▸ Task directions:
Images are to be dropped; everything else in the entries below must be copied exactly.
*** Opening of Material for this exercise ***
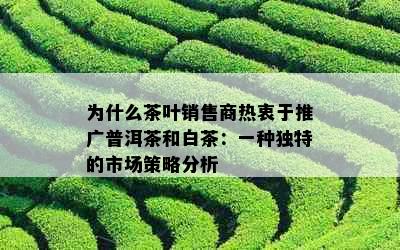 为什么茶叶销售商热衷于推广普洱茶和白茶：一种独特的市场策略分析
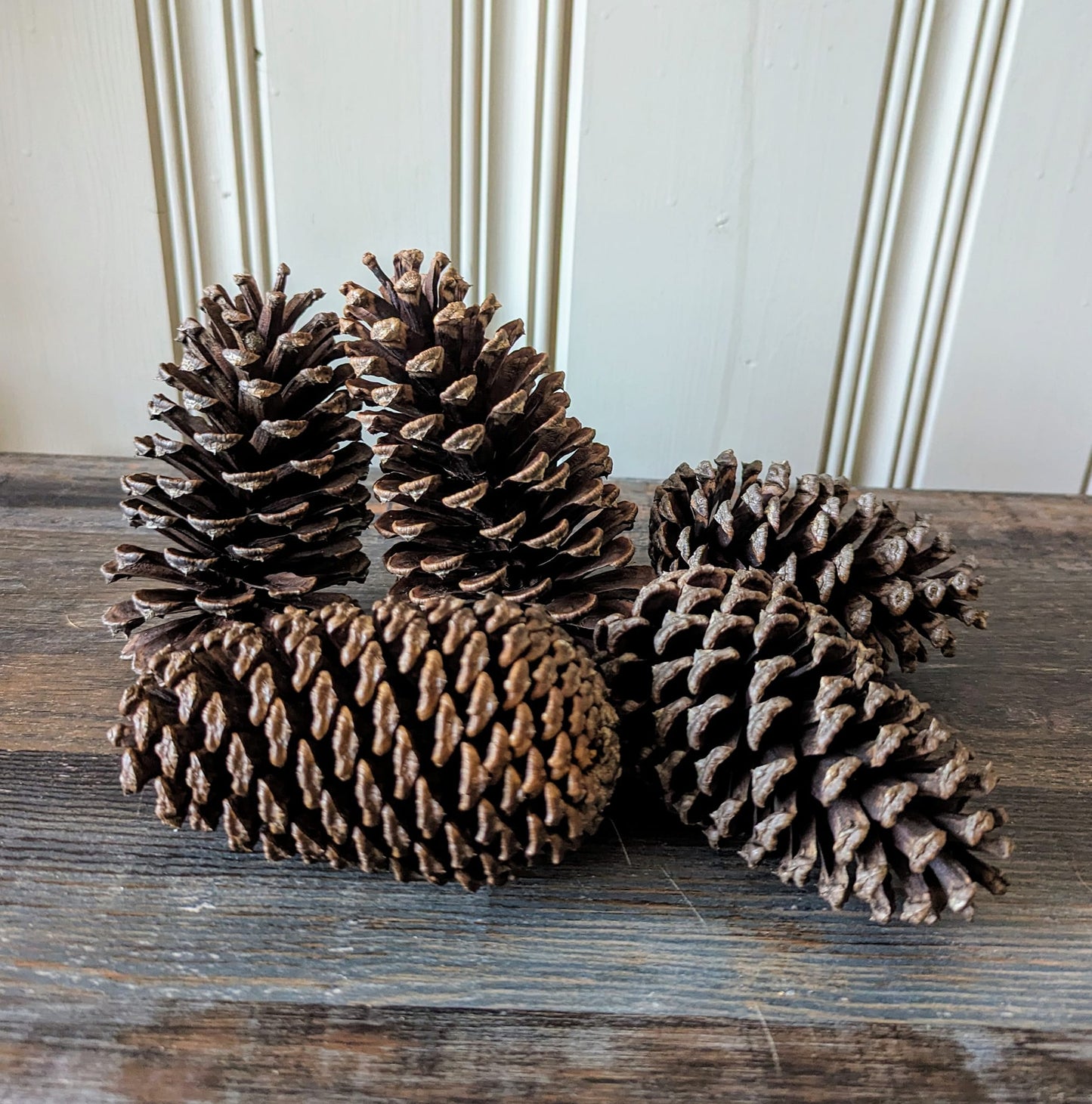 Medium Pinecones Scented or Unscented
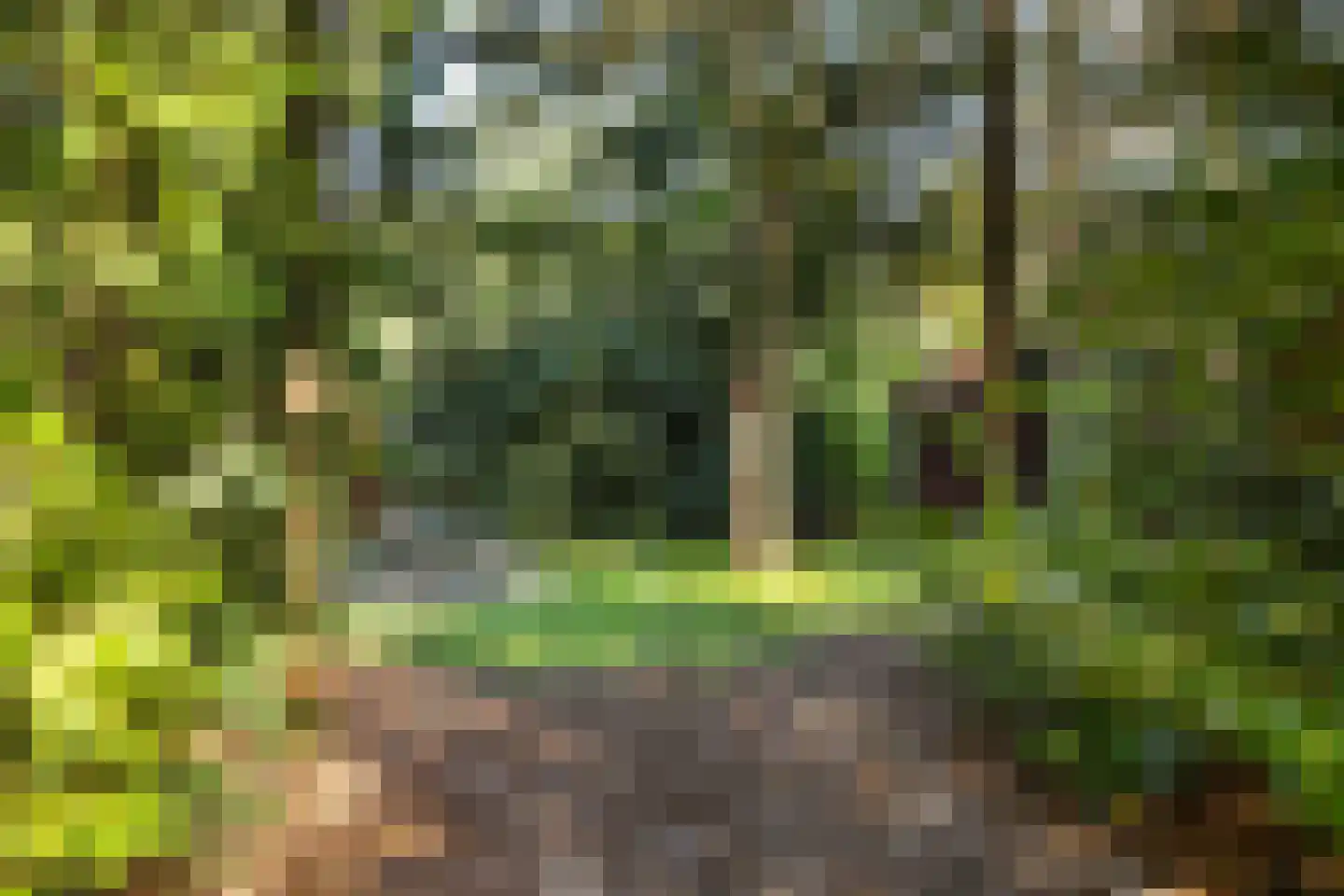 Maarnse Bergweg 1 r 94 Doorn thumbnail 29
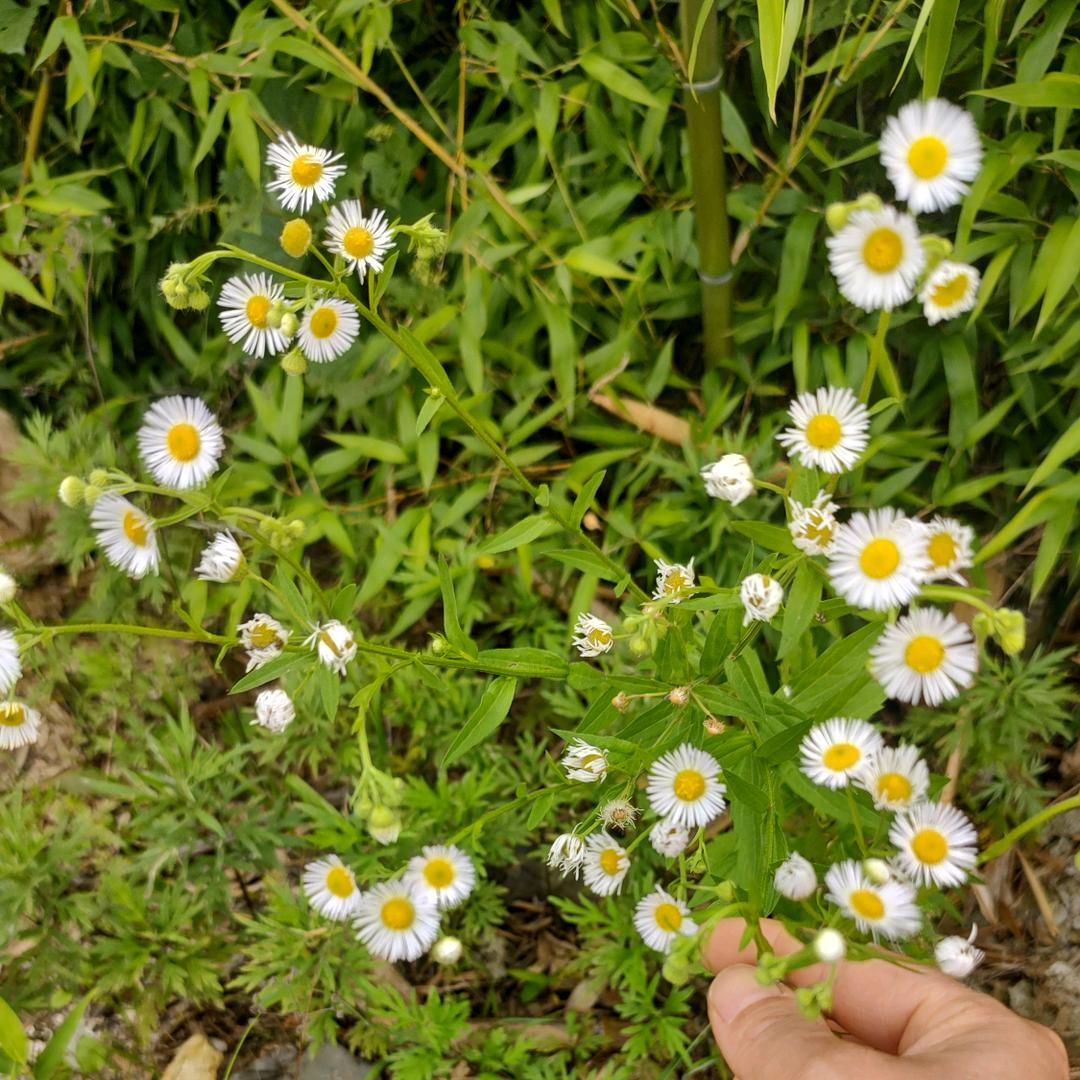 🇨🇳如鱼得水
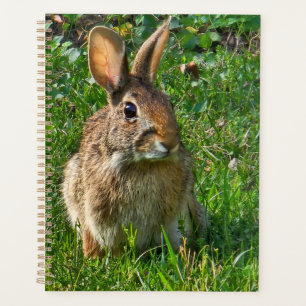 Östliches Baumwollschwanzkaninchen Planer
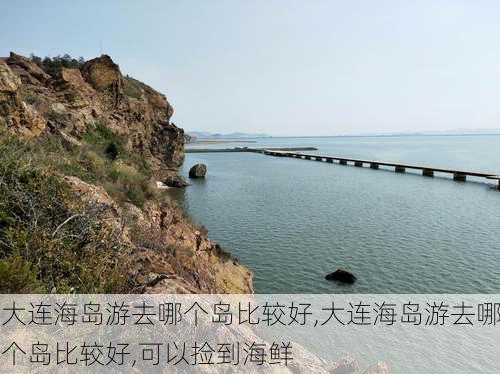 大连海岛游去哪个岛比较好,大连海岛游去哪个岛比较好,可以捡到海鲜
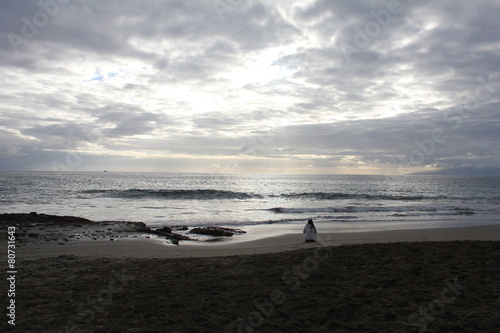 Playa La Caleta Tenerife Soledad Buy This Stock Photo And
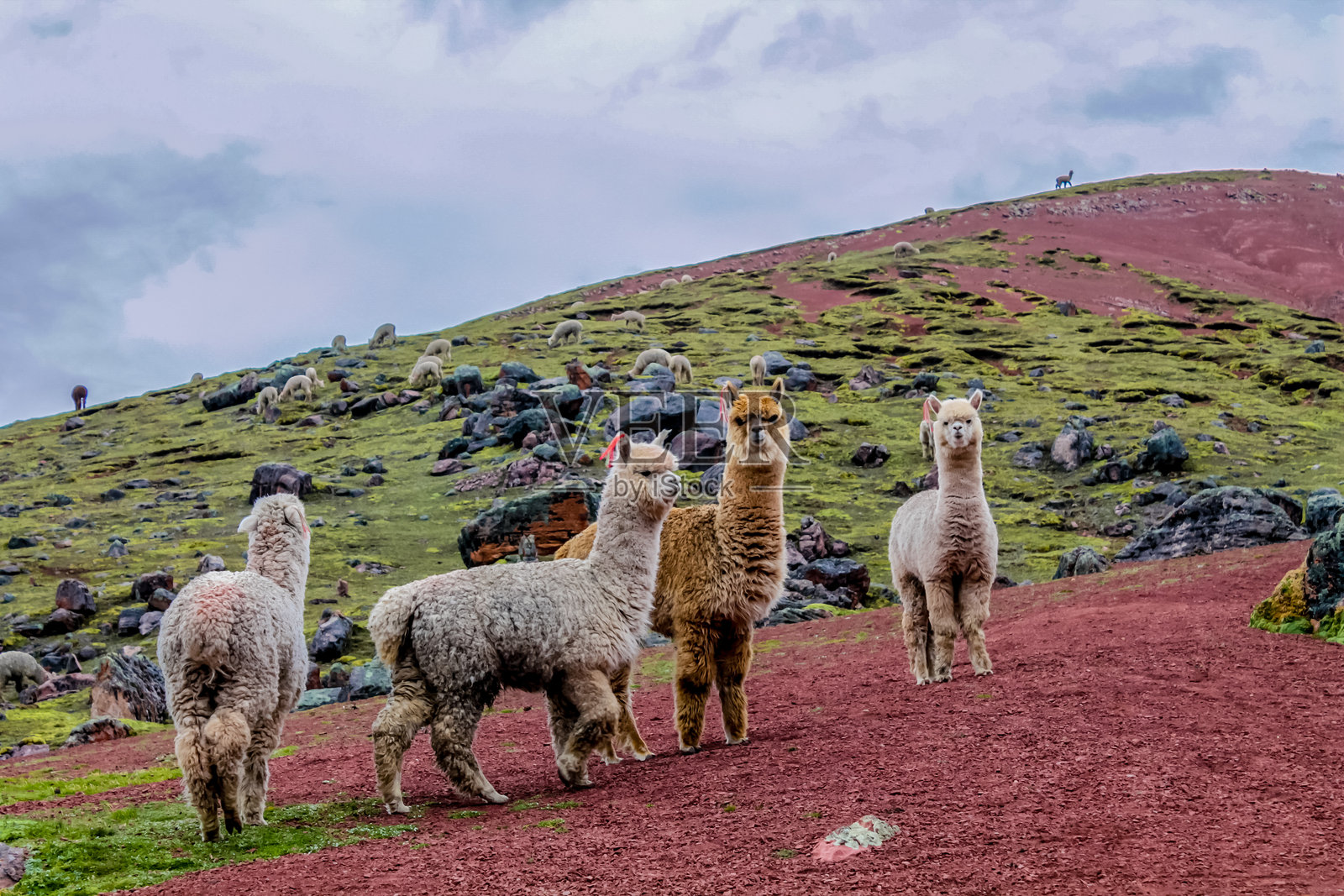 安第斯山脉的牧场中，羊驼和美洲驼的动物群。可爱的毛茸茸的羊驼。照片摄影图片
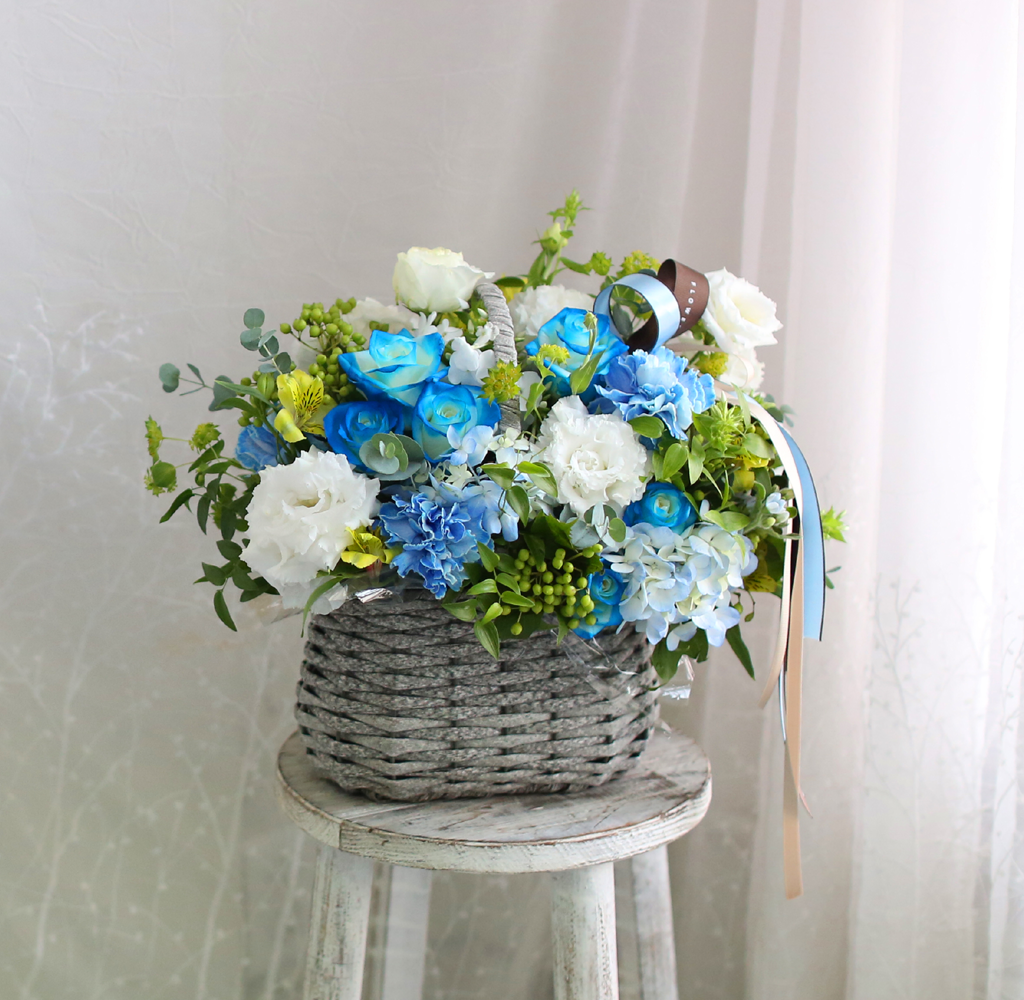 Summer story -    ɹ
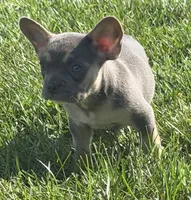 Frankie Male AKC French Bulldog, a male French Bulldog for sale in North Canton, OH – 3 of 9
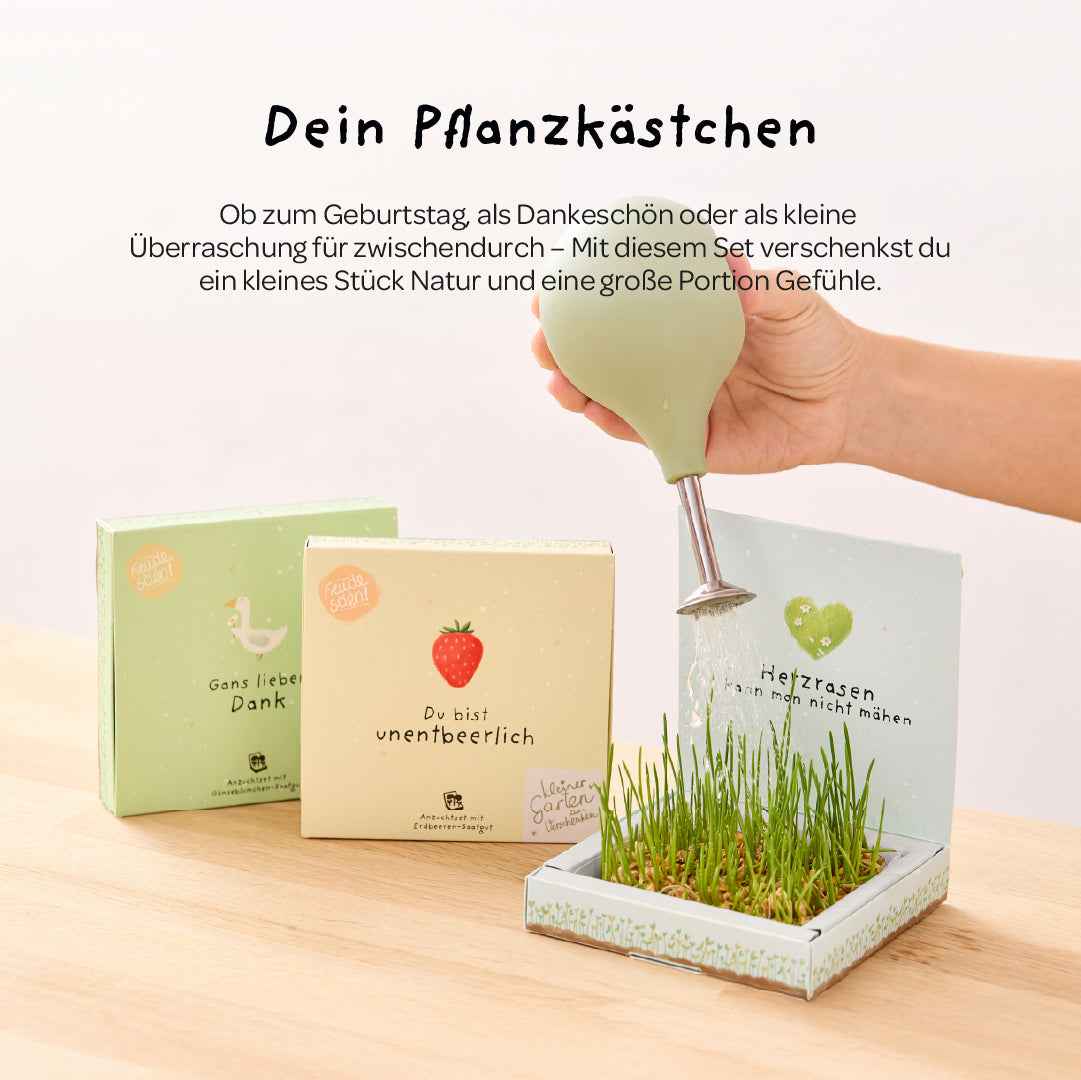 Pflanzkästchen - Gans lieben Dank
*** Close of Material for this exercise ***
▸ Solution for this task:
 为什么茶叶销售商热衷于推广普洱茶和白茶：一种独特的市场策略分析
 Medium Pinecones Scented or Unscented
 Maarnse Bergweg 1 r 94 Doorn thumbnail 29
 🇨🇳如鱼得水
 Östliches Baumwollschwanzkaninchen Planer
 大连海岛游去哪个岛比较好,大连海岛游去哪个岛比较好,可以捡到海鲜
 Playa La Caleta Tenerife Soledad Buy This Stock Photo And
 安第斯山脉的牧场中，羊驼和美洲驼的动物群。可爱的毛茸茸的羊驼。照片摄影图片
 Summer story -    ɹ
 Frankie Male AKC French Bulldog, a male French Bulldog for sale in North Canton, OH – 3 of 9
 Pflanzkästchen - Gans lieben Dank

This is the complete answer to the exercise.